◆ Work item: Below are entries. Copy exactly the lines running from the line that holds "Radiator Fan Assembly" to the line that holds "2027 BMW X6 xDrive40i Sports Activity Coupe", with both ends included.
======== Dataset
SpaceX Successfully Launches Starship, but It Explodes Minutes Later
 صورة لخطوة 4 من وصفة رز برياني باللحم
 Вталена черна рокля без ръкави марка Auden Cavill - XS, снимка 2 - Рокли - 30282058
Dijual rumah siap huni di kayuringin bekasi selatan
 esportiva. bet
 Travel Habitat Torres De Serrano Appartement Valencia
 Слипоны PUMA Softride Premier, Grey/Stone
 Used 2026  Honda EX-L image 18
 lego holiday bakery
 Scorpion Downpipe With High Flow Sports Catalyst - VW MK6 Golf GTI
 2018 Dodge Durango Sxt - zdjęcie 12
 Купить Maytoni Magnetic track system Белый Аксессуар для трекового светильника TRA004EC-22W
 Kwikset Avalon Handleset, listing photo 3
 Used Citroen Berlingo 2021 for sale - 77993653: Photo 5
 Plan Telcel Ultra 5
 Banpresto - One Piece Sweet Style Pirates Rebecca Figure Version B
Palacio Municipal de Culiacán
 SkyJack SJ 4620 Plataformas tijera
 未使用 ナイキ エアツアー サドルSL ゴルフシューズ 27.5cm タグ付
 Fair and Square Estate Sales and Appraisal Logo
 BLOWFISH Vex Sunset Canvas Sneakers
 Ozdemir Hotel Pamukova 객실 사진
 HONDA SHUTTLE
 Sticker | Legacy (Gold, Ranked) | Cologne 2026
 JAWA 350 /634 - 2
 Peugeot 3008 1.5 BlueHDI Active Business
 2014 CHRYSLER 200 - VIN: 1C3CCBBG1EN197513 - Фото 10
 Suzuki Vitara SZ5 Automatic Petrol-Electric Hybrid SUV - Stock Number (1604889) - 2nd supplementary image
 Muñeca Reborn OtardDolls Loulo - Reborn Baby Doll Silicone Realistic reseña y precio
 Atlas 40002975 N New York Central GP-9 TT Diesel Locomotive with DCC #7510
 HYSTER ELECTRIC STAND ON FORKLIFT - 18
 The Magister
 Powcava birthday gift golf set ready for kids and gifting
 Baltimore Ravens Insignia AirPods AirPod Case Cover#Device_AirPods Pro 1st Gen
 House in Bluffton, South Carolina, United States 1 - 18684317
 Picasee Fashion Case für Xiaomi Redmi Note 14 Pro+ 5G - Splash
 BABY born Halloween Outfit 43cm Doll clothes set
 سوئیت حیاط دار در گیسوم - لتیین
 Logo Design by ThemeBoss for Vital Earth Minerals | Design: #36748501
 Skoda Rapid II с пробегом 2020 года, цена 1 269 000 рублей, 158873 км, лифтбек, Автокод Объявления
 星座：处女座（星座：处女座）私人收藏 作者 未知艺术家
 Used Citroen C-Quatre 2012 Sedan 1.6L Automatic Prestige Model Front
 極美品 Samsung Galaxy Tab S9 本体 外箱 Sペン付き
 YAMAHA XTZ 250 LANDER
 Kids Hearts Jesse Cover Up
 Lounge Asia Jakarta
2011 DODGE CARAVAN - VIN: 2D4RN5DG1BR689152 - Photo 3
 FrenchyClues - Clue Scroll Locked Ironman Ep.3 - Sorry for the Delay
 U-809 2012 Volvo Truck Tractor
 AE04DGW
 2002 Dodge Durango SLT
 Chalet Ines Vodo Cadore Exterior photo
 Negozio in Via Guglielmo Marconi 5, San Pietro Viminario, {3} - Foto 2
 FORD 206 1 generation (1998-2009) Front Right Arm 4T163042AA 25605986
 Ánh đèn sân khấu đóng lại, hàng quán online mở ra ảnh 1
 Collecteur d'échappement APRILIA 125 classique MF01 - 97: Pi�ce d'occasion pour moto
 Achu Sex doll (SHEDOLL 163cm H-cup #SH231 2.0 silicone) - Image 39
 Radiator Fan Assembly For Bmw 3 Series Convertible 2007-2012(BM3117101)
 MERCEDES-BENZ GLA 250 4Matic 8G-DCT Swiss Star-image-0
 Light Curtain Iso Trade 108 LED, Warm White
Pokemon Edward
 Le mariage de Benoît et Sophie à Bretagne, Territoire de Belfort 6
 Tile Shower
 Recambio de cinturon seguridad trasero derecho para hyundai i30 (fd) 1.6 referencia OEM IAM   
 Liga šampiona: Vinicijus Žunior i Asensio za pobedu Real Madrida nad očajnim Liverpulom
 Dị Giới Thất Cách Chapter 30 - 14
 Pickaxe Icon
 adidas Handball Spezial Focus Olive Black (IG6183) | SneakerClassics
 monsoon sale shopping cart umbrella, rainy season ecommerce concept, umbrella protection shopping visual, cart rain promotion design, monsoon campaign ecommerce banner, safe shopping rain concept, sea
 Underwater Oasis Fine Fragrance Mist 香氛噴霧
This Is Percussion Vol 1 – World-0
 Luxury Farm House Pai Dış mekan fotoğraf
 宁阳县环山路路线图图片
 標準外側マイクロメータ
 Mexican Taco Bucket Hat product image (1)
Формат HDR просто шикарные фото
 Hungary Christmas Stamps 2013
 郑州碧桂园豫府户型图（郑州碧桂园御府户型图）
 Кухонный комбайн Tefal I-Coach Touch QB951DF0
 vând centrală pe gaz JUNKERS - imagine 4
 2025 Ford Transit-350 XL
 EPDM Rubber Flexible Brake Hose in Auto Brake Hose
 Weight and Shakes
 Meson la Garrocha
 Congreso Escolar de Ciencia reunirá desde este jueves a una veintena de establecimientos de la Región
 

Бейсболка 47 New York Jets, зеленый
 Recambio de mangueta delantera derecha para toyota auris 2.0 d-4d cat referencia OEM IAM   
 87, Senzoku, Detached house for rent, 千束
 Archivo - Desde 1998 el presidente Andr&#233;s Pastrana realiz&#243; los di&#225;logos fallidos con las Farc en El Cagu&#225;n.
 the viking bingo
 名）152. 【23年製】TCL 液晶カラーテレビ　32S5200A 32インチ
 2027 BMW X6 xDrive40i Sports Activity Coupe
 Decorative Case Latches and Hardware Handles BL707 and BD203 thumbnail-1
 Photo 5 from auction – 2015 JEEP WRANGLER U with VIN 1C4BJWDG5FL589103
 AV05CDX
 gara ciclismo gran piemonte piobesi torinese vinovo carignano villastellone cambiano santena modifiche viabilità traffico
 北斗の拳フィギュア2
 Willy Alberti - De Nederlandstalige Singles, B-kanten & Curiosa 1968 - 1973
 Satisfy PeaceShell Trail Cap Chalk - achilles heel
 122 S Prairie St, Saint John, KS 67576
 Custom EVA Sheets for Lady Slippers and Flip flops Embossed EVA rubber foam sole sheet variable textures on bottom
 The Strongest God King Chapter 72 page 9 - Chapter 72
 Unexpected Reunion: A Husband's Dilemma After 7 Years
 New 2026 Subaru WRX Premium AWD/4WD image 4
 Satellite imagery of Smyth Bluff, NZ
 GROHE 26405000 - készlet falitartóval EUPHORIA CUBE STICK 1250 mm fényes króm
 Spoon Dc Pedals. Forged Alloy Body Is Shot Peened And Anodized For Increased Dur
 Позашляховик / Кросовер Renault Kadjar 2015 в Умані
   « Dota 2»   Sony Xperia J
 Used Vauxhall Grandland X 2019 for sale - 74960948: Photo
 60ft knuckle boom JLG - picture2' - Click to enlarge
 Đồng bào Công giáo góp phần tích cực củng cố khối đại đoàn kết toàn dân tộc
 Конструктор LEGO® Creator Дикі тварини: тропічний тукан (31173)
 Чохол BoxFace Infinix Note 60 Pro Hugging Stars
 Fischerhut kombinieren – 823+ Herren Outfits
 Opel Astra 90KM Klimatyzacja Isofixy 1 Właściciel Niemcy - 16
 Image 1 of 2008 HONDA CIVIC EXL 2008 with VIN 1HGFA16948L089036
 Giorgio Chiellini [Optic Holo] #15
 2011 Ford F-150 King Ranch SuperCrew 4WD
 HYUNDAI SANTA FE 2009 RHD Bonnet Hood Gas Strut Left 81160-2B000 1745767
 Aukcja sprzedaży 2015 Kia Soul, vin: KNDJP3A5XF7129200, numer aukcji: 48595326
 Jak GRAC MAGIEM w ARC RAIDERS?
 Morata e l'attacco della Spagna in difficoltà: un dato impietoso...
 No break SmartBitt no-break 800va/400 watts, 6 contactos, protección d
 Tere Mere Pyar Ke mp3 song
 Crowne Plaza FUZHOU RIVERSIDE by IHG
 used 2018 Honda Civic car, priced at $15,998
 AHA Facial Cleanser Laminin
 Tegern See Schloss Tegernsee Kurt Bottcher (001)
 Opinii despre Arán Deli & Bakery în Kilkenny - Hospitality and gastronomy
================
◆ Output of the task:
 Radiator Fan Assembly For Bmw 3 Series Convertible 2007-2012(BM3117101)
 MERCEDES-BENZ GLA 250 4Matic 8G-DCT Swiss Star-image-0
 Light Curtain Iso Trade 108 LED, Warm White
Pokemon Edward
 Le mariage de Benoît et Sophie à Bretagne, Territoire de Belfort 6
 Tile Shower
 Recambio de cinturon seguridad trasero derecho para hyundai i30 (fd) 1.6 referencia OEM IAM   
 Liga šampiona: Vinicijus Žunior i Asensio za pobedu Real Madrida nad očajnim Liverpulom
 Dị Giới Thất Cách Chapter 30 - 14
 Pickaxe Icon
 adidas Handball Spezial Focus Olive Black (IG6183) | SneakerClassics
 monsoon sale shopping cart umbrella, rainy season ecommerce concept, umbrella protection shopping visual, cart rain promotion design, monsoon campaign ecommerce banner, safe shopping rain concept, sea
 Underwater Oasis Fine Fragrance Mist 香氛噴霧
This Is Percussion Vol 1 – World-0
 Luxury Farm House Pai Dış mekan fotoğraf
 宁阳县环山路路线图图片
 標準外側マイクロメータ
 Mexican Taco Bucket Hat product image (1)
Формат HDR просто шикарные фото
 Hungary Christmas Stamps 2013
 郑州碧桂园豫府户型图（郑州碧桂园御府户型图）
 Кухонный комбайн Tefal I-Coach Touch QB951DF0
 vând centrală pe gaz JUNKERS - imagine 4
 2025 Ford Transit-350 XL
 EPDM Rubber Flexible Brake Hose in Auto Brake Hose
 Weight and Shakes
 Meson la Garrocha
 Congreso Escolar de Ciencia reunirá desde este jueves a una veintena de establecimientos de la Región
 

Бейсболка 47 New York Jets, зеленый
 Recambio de mangueta delantera derecha para toyota auris 2.0 d-4d cat referencia OEM IAM   
 87, Senzoku, Detached house for rent, 千束
 Archivo - Desde 1998 el presidente Andr&#233;s Pastrana realiz&#243; los di&#225;logos fallidos con las Farc en El Cagu&#225;n.
 the viking bingo
 名）152. 【23年製】TCL 液晶カラーテレビ　32S5200A 32インチ
 2027 BMW X6 xDrive40i Sports Activity Coupe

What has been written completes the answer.